The cost of fire safety measures which councils and housing associations plan to introduce to high-rise buildings after the Grenfell tragedy has now reached at least £600m.
An argument is raging over who should pay for the work. The government says it will foot the bill for “essential” safety measures, but some councils and housing associations say there is confusion over who is liable.
The Greater Manchester High Rise Task Force, set up after Grenfell, calculates that the cost of fire wardens and replacing dangerous cladding across the city region has already reached £100m and is still rising. Salford alone has borrowed £25m to cover such work.
But there is still confusion and frustration at what should happen to blocks fitted with cladding that failed safety checks.
Tests revealed that more than 70 blocks in Greater Manchester had unsafe cladding, but in a number of buildings, removal work has stopped because the authorities say they don’t know what to put in its place.

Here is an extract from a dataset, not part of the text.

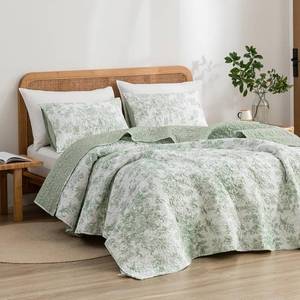 lot 20573 image: Wonderful Sage Green Floral Quilt King Size, Summer Cooling 3 Piece Cotton Vintage Farmhouse Bedding Set, Machine Washable Lightweight Soft Bed Cover for All Season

At some towers, flammable tiles have only been partially removed, with fire wardens patrolling day and night until there is clarity on what steps to take.
After the fire in North Kensington last June, checks in tower blocks across the UK revealed a range of safety issues that went beyond just dangerous cladding.
Many councils and housing associations say the advice they have received from fire chiefs is to retro-fit sprinklers in all their high-rise towers.
Some landlords are pushing ahead with such improvements, but others say central government must agree to pay before they commission the work.
In the days after the Grenfell tragedy, the prime minister said she would not and could not ask people to live in unsafe homes.
Six months on and many high-rise residents are still worried that’s exactly where they’ll be this Christmas.